A noose dangling from the door of an African-American Columbia professor’s office was the only thing that kept Yankees manager Joe Torre off the front pages this week. Rudy Giuliani pleaded with a capricious higher power — God, that is, not George Steinbrenner — to save his pin-striped pal’s job (he’d already said he’d appoint Torre to his Cabinet if given the chance). Mayor Bloomberg, displaying the tendency to be not totally insane that has set him apart from his predecessor time and again, merely remarked that “you can have great people and great coaching and it’s just not meant to be.”

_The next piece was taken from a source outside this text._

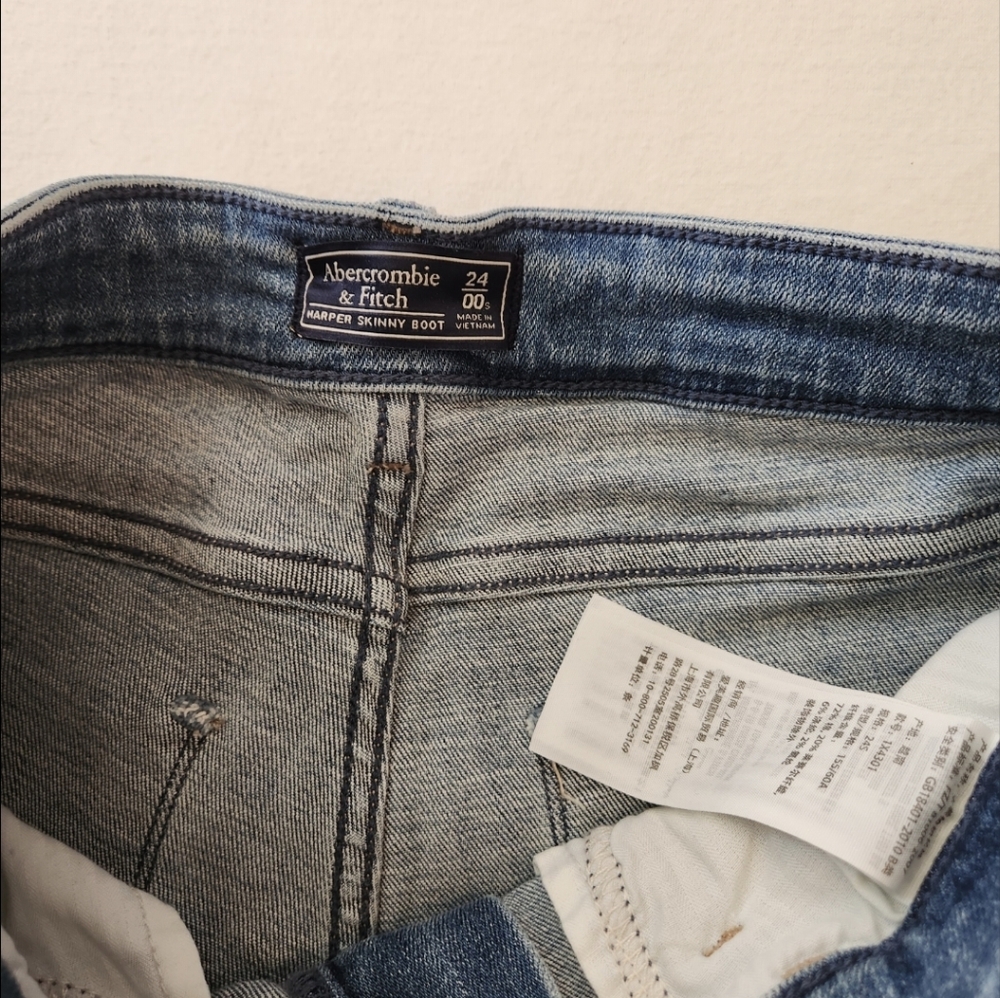 Abercrombie & Fitch Harper Skinny Boot Light Wash Jeans size 24/00S - Picture 7 of 11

Elsewhere in the Bronx, Bloomberg — with the aid of Bette Midler and Big Bird — planted the first tree of his PlaNYC green initiative (999,999 less-photographed trees are scheduled to follow). Ice-skaters wondered if global warming was responsible for the 80-degree weather on a slushy opening day at the Rockefeller Center rink—it was certainly responsible for Al Gore’s Nobel. The 7 train abruptly decided to quit working, stranding subway riders en route from Queens. A Staten Island councilman earned Web superstardom by telling a Borat-esque Norwegian interviewer to “get the fuck out of my office.” Foul-mouthed Gordon Ramsay smoked his rivals in new dining guides from Zagat and Michelin, nabbing high marks for his eponymous restaurant.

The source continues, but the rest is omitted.